One of the novel’s most fascinating sequences occurs when Garion and Belgarath visit the University of Melcene, where they encounter a man who has learned the secrets of sorcery on his own. It’s a useful reminder that there are quite a few other people in this vast world that Eddings has created, and not all of them have a major part to play in the major events of the series. (In this case, the sorcerer does help them understand more of the Sardion, the gem that is the evil counterpart to the Orb of Aldur).
It would be very easy to paint both The Belgariad and The Mallorean as paint-by-numbers fantasy. As readers, we already know the beats that the story is going to hit going in, and we also know that certain characters who are going to fulfill certain functions. There are times in this book, however, where we realize that Torak, for one, isn’t nearly as one-dimensional as we might have assumed, particularly when the Garion and Belgarath read the prophecies that Torak himself was obliged to deliver. These sequences where we hear Torak’s voice, however, reveal that there is something more complex going on. As in all great fantasy, Torak isn’t just a malevolent force devoid of any complexity. In fact, he ultimately has no more agency in the unfolding of his destiny than Garion does. In some ways, in fact, his burden is even heavier, since he must largely carry it alone.
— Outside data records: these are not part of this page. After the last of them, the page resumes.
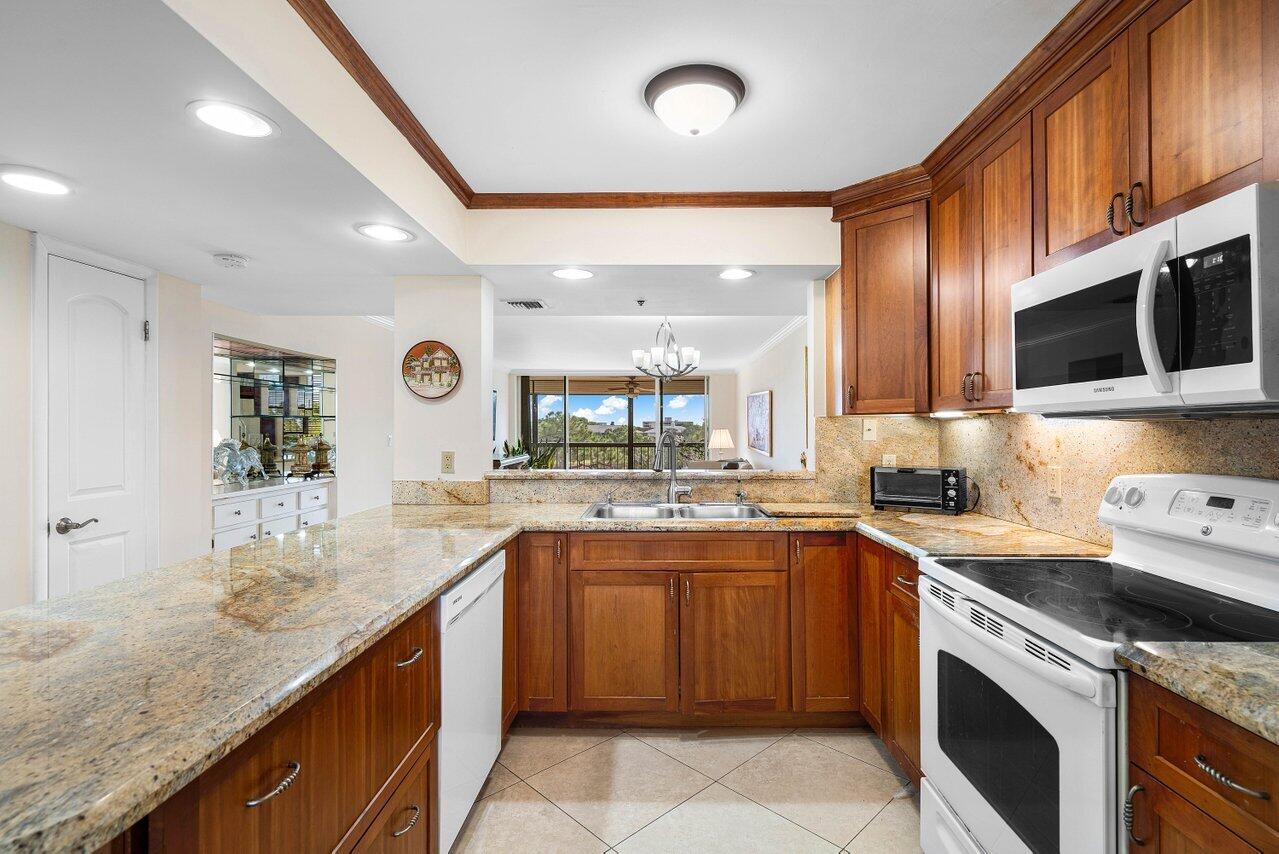 6620 Boca Del Mar Drive 501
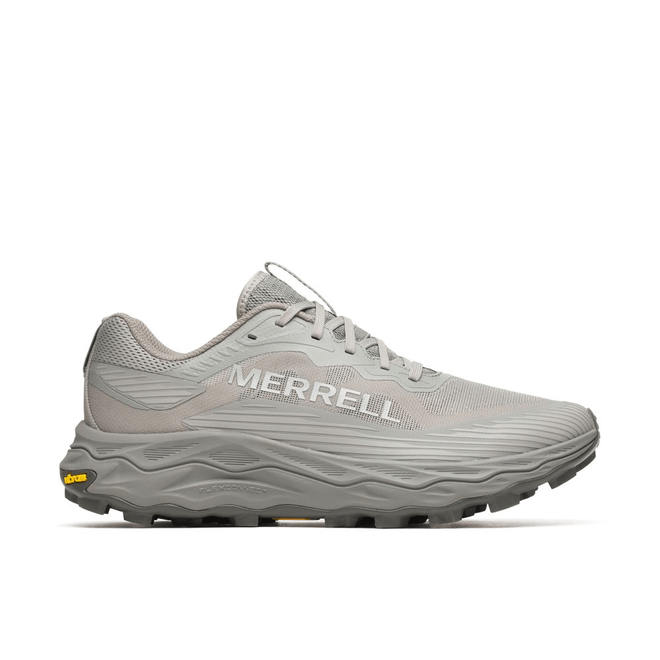 Merrell Agility Peak 6  Ridgeway J00005628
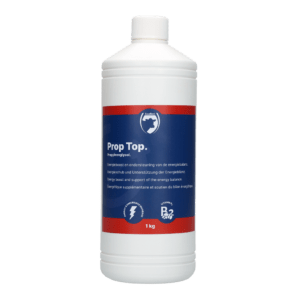 Excellent Prop Top (Propyleenglycol) 1 kg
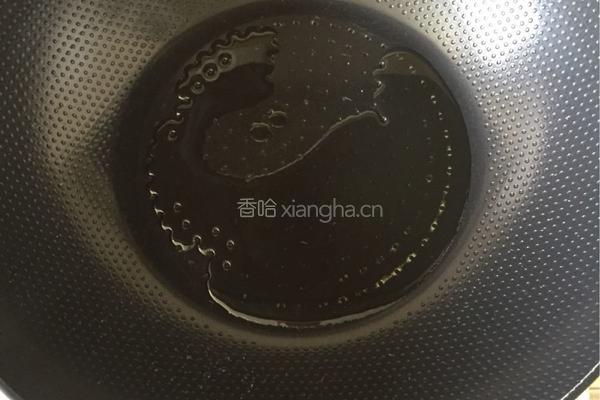 家常冻豆腐的做法图解5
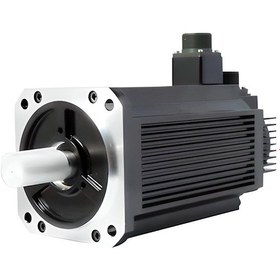 Resim Servo Motor - TECO 6CC401H-3DEBEAS 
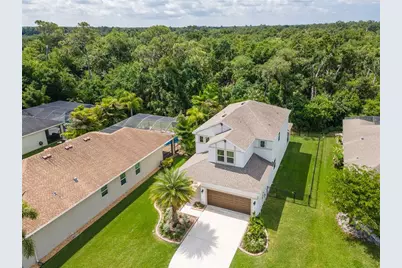 6311 Horse Mill Place, Palmetto, FL 34221 - Photo 63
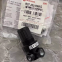 R07-200-RNKG, Norgren, Pressure Reducing Valve, G1/4' Thread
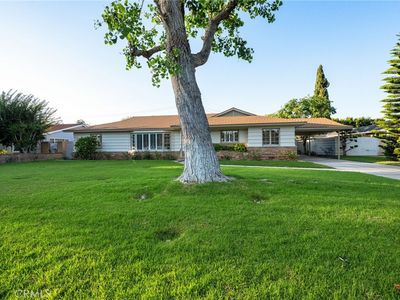 1101 W Sharon Rd, Santa Ana, CA, 92706
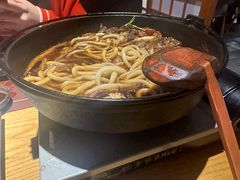 -九酢·海鲜居酒屋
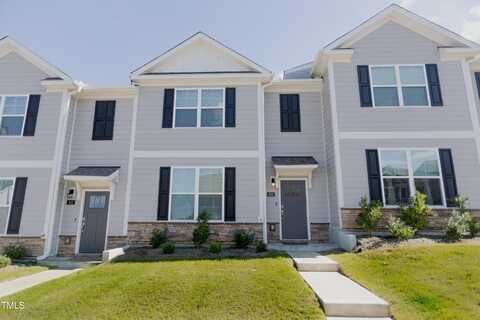 830 James J Freeland Memorial Drive, Hillsborough, NC 27278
I also particularly appreciated this book’s efforts to portray Emperor ‘Zakath with more depth and complexity than did The Belgariad. One gets the sense that part of this series’ attempts to right some of the wrongs of its predecessor in terms of its rather simplistic portrayal of the Angaraks. He’s wry and amusing, and he clearly has had a great burden on his shoulders as the Emperor of Mallorea. Though he has had some of his emotions stripped out of him by various struggles and personal setbacks, he still emerges from the book as someone who really does do the best that he can for his people.
Though the storytelling in Sorceress of Darshiva is as streamlined as its predecessors, it does continue the practice of occasionally zooming out to give the reader a sense of what’s going on in the rest of the world. This is a neat little device, a way of reminding us that, though the quest of Belgarion and the rest is, of course, the most important thing going on in the world, there are other characters who are also playing a key part in the events that are about to shape the world. I liked the emphasis on Queen Porenn in particular, if for no other reason than that it’s nice to see some attention paid to one of the few female monarchs in the series.
Two other positive things are worth noting. First, we finally get to see Durnik attain the reward that he’s been moving toward (unconsciously) since the ending of The Belgariad. He is at last welcomed as one of the disciples of Aldur. It’s fitting that he be given this status, since he has worked as hard as any to make Garion into the person that he is. What’s more, he is a genuinely good man who genuinely loves Polgara and Garion. The other positive development is the inclusion of the character of the female wolf who inexplicably joins their company. Though her identity isn’t revealed until later, the canny reader will no doubt quickly guess who she is and what he role in the coming confrontation will ultimately be.
However, that being said, this book (like so many of the others in this series) tends to lean a bit too heavily on the witty banter and what Eddings seems to think are charming affectations. If you thought that just because Mandorallen wasn’t going to be part of the narrative that you were to be spared his archaic dialogue, you would be mistaken, because we still get it in the person of Cyradis. (I’m fairly sure that he was using this device to poke fun at Tolkien, but it ends up becoming very trite and, frankly, irritating). What’s more, Eddings is often a bit simplistic in his narrative devices. The mysteries aren’t really that mysterious when you get right down to it, and the solutions to the central enigmas (such as “The Place Which is No More”) are, in the final analysis, quite easy to figure out. No wonder so many of the characters seem perplexed that they hadn’t thought of it sooner. (Most canny readers will have figured out the secret pretty early on).
Overall, I quite liked this book. Eddings continues to demonstrate that he has a keen eye for what makes a story work. Narratively, the book has its own story to tell and its own bits of character development, even as it manages to connect with what came before and what follows in the next, and final, book in the series. Just as importantly, while you’re reading one of the books in this series you can’t help but feel swept up in the narrative. At the same time, he knows how to slow down long enough so that the reader really gets a sense of place, and I for one really enjoyed the fact that the company gets to travel around the eastern continent, exploring new peoples, places, and customs.
I’ve already finished The Seeress of Kell, and I can’t wait to share my thoughts with all of you. It’s going to be a blast!